Na vida, como na tela – Pérola -, Drica é mãe dedicada de um filho menor de idade. Já morou em casa, com jardim, quintal. Bichos, flores. Mora agora num apartamento acolhedor, de dois quartos. Virou, como diz, brincando, “uma soldada da saúde”. Faz ginástica todo dia. Esteira, exercícios com pesos. Novela não faz mais. “É muito tempo, exige demais.” Abandonou Império – e foi substituída por Marjorie Estiano, porque não aguentava mais. Está louca para voltar ao teatro, busca o texto certo. “Tenho algumas ideias, mas nada fechado.” No filme, mamãe não aceita o namorado do filho gay, nem o marido crente da filha. “Não é preconceito, é que ela sonha alto, e nem um nem outro lhe parecem à altura dos filhos.”
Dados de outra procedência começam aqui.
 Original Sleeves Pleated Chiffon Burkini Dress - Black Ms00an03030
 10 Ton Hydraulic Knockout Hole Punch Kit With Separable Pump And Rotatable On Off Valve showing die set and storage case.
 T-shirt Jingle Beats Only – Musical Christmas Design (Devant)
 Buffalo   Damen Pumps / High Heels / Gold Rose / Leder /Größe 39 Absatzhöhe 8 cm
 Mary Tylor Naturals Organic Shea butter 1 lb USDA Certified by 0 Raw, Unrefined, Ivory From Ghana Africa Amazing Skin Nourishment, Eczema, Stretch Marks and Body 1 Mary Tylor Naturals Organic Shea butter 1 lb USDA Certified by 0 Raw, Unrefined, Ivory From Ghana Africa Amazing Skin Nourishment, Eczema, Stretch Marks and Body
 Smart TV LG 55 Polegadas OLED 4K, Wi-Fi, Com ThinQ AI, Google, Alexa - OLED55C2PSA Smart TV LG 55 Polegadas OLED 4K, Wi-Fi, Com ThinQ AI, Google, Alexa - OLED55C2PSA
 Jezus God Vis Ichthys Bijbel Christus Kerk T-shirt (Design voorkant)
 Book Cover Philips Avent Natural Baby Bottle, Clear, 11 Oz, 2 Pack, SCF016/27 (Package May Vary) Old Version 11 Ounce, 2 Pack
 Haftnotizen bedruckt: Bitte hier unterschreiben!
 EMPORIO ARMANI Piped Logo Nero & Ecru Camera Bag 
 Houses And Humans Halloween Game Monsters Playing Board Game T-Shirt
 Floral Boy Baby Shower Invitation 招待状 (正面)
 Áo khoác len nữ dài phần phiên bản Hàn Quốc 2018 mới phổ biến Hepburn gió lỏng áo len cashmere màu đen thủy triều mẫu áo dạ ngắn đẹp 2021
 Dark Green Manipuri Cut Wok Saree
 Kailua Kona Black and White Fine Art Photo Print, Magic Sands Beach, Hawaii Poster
A família é interiorana. Mauro sai de Bauru, mas, como diz, Bauru não sai dele. A construção da piscina – o sonho dentro do sonho para quem não tem mar – permeia o relato. Como em Roma, de Alfonso Cuarón, o carro não cabe na garagem, “mas eu filmei primeiro. Se alguém copiou, foi ele”, brinca Benício. Ele trabalha no próximo filme, a terceira direção. “Será uma história original”, é tudo o que diz. Pérola é uma personagem riquíssima, e Drica, de maiô, naquela concha que remete aos mestres renascentistas, nunca esteve mais bela. A chave do filme – quem é, afinal, essa Pérola – vem numa revelação feita pela amiga corretora, Louise Cardoso, no final. Louise, por sinal, está experimentando um renascimento. Está também em Tia Virgínia, no novo filme de Anna Muylaert, O Clube das Mulheres de Negócios, mas essa será outra história.